Zero Absolu - Autømn Imaginons une nuit d'automne, pluvieuse et silencieuse, un paysage désolé enveloppé d'une brume au travers de laquelle on devine à peine les premiers contreforts des reliefs environnant, imaginons ensuite quelques esquisses mélodiques nous parvenant au loin, traversant le halo d'incertitudes pour laisser la place à une musique tantôt apaisée, tantôt plus écorchée, cette "First step", première piste du nouvel album de Zero Absolu, le bien nommé Autømn, par ailleurs accompagné d'un artwork particulièrement cinégénique et en même temps bien dans le ton de l'album. On reprend notre respiration.

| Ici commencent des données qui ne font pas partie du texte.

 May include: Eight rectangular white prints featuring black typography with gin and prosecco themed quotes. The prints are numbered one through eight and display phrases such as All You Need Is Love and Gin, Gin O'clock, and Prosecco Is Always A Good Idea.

"Home sick home" suit le déroulement de la bobine musicale du one-man band qu'est Zero Absolu pour distiller un (ambient)rock atmosphérique enveloppé d'une mélancolie pregnante et désenchantée, que vient rompre quelques instants plus tard "The hill", un titre assez proche des rivages ambient shoegaze metal d'un Jesu pour citer l'exemple évident qui vient à l'esprit lors de la première découverte du morceau. A la fois contemplatif et passionnel, parfois aérien, d'autre fois tellurique lorsque Zero Absolu alterne les passages les plus ambient metal de shoegazer et ceux flirtant avec les courant d'un post-rock aux tentations électroniques enlevées, ce nouvel opus jongle avec les genres comme les couleurs musicales. Après trois titres, on a les contours de l'univers de cet Autømn, un disque organique régulièrement changeant et porté par tout un tas d'influences, d'envies... parfaitement maîtrisées.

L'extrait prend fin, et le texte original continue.